J. Phipps scite author profile

Adenoviral-mediated transfer of ciliary neurotrophic factor (CNTF) to the retina rescued retinal ganglion cells (RGCs) from axotomy-induced apoptosis, presumably via activation of the high affinity CNTF receptor alpha (CNTFRalpha) expressed on RGCs. CNTF can also activate astrocytes, via its low affinity leukemia inhibitory receptor beta expressed on mature astrocytes, suggesting that CNTF may also protect injured neurons indirectly by modulating glia. Adenoviral-mediated overexpression of CNTF in normal and axotomized rat retinas was examined to determine if it could increase the expression of several glial markers previously demonstrated to have a neuroprotective function in the injured brain and retina.
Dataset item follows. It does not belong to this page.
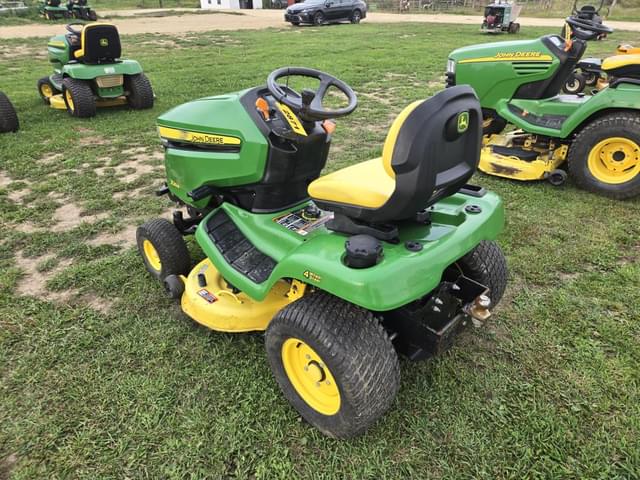 Image of John Deere X304 equipment image 2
Using Western blotting, the expression of glial fibrillary acid protein (GFAP), glutamate/aspartate transporter-1 (GLAST-1), glutamine synthetase (GS), and connexin 43 (Cx43) was examined 7 days after intravitreal injections of Ad.CNTF or control Ad.LacZ. Compared to controls, intravitreal injection of Ad.CNTF led to significant changes in the expression of CNTFRalpha, pSTAT(3), GFAP, GLAST, GS, and Cx43 in normal and axotomized retinas. Taken together, these results suggest that the neuroprotective effects of CNTF may result from a shift of retinal glia cells to a more neuroprotective phenotype. Moreover, the modulation of astrocytes may buffer high concentrations of glutamate that have been shown to contribute to the death of RGCs after optic nerve transection.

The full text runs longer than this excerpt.